**Prompt**
For this exercise, return the line containing "M-Tac Sweater Nord" and every line after it through the end of the records below, without alteration.

*** Records Section Begins ***

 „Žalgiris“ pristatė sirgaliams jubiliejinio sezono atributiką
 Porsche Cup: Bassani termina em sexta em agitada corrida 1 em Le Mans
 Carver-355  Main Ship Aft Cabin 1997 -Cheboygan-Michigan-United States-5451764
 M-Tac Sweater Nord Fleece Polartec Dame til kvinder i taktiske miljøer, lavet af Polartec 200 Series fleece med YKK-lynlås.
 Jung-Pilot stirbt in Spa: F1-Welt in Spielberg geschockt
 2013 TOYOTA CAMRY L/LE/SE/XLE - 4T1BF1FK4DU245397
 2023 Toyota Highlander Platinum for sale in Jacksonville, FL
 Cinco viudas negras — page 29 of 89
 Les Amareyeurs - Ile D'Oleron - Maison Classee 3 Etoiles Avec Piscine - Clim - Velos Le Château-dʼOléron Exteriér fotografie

*** Records Section Ends ***

**Written answer**
 M-Tac Sweater Nord Fleece Polartec Dame til kvinder i taktiske miljøer, lavet af Polartec 200 Series fleece med YKK-lynlås.
 Jung-Pilot stirbt in Spa: F1-Welt in Spielberg geschockt
 2013 TOYOTA CAMRY L/LE/SE/XLE - 4T1BF1FK4DU245397
 2023 Toyota Highlander Platinum for sale in Jacksonville, FL
 Cinco viudas negras — page 29 of 89
 Les Amareyeurs - Ile D'Oleron - Maison Classee 3 Etoiles Avec Piscine - Clim - Velos Le Château-dʼOléron Exteriér fotografie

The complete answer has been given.